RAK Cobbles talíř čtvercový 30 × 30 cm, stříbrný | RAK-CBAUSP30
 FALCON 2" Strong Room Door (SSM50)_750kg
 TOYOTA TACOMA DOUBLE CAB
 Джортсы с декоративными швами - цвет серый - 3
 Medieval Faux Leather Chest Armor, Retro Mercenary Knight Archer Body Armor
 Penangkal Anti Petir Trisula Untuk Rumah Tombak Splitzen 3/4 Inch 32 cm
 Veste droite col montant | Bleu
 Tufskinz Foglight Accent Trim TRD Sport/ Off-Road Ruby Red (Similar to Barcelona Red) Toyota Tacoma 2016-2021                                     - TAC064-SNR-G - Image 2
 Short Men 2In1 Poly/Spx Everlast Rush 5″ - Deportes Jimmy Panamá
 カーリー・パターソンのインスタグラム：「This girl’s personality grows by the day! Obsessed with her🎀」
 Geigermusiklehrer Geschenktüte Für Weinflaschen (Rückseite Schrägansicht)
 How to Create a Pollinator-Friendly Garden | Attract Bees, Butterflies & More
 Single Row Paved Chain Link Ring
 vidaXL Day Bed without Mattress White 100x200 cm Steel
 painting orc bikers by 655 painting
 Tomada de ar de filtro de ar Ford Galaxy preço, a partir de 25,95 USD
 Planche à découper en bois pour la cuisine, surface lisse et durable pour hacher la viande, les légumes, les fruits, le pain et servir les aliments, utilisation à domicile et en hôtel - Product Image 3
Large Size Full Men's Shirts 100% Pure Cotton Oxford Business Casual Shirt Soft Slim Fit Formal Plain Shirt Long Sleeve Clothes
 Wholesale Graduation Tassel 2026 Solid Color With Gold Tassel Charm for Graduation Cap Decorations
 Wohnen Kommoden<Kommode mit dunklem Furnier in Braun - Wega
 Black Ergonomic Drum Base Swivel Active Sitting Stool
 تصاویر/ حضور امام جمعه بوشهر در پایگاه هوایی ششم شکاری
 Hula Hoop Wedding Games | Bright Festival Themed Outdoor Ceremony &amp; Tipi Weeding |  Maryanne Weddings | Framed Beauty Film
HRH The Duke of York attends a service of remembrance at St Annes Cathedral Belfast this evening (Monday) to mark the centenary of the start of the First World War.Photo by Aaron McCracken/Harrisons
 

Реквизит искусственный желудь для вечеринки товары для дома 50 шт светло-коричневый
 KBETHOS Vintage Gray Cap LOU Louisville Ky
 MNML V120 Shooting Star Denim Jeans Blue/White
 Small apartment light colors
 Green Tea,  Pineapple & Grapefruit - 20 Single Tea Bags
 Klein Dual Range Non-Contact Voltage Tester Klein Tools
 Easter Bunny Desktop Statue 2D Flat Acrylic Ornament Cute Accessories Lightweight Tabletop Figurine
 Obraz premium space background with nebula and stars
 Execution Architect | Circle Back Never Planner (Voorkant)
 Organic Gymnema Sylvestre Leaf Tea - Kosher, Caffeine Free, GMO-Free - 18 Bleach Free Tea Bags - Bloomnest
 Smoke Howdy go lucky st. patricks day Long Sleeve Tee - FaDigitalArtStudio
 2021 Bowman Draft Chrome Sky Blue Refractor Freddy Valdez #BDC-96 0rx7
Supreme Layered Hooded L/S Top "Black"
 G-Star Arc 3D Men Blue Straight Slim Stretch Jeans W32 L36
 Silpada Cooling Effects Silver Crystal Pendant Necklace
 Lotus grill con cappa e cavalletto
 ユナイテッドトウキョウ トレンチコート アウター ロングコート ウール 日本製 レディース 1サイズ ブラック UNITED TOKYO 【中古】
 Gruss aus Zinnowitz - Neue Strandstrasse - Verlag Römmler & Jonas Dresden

========

**Work item:** Each line from the top of the records down to the one with "HRH The Duke" must be retyped exactly; include both ends and nothing else.

**Worked solution:**
RAK Cobbles talíř čtvercový 30 × 30 cm, stříbrný | RAK-CBAUSP30
 FALCON 2" Strong Room Door (SSM50)_750kg
 TOYOTA TACOMA DOUBLE CAB
 Джортсы с декоративными швами - цвет серый - 3
 Medieval Faux Leather Chest Armor, Retro Mercenary Knight Archer Body Armor
 Penangkal Anti Petir Trisula Untuk Rumah Tombak Splitzen 3/4 Inch 32 cm
 Veste droite col montant | Bleu
 Tufskinz Foglight Accent Trim TRD Sport/ Off-Road Ruby Red (Similar to Barcelona Red) Toyota Tacoma 2016-2021                                     - TAC064-SNR-G - Image 2
 Short Men 2In1 Poly/Spx Everlast Rush 5″ - Deportes Jimmy Panamá
 カーリー・パターソンのインスタグラム：「This girl’s personality grows by the day! Obsessed with her🎀」
 Geigermusiklehrer Geschenktüte Für Weinflaschen (Rückseite Schrägansicht)
 How to Create a Pollinator-Friendly Garden | Attract Bees, Butterflies & More
 Single Row Paved Chain Link Ring
 vidaXL Day Bed without Mattress White 100x200 cm Steel
 painting orc bikers by 655 painting
 Tomada de ar de filtro de ar Ford Galaxy preço, a partir de 25,95 USD
 Planche à découper en bois pour la cuisine, surface lisse et durable pour hacher la viande, les légumes, les fruits, le pain et servir les aliments, utilisation à domicile et en hôtel - Product Image 3
Large Size Full Men's Shirts 100% Pure Cotton Oxford Business Casual Shirt Soft Slim Fit Formal Plain Shirt Long Sleeve Clothes
 Wholesale Graduation Tassel 2026 Solid Color With Gold Tassel Charm for Graduation Cap Decorations
 Wohnen Kommoden<Kommode mit dunklem Furnier in Braun - Wega
 Black Ergonomic Drum Base Swivel Active Sitting Stool
 تصاویر/ حضور امام جمعه بوشهر در پایگاه هوایی ششم شکاری
 Hula Hoop Wedding Games | Bright Festival Themed Outdoor Ceremony &amp; Tipi Weeding |  Maryanne Weddings | Framed Beauty Film
HRH The Duke of York attends a service of remembrance at St Annes Cathedral Belfast this evening (Monday) to mark the centenary of the start of the First World War.Photo by Aaron McCracken/Harrisons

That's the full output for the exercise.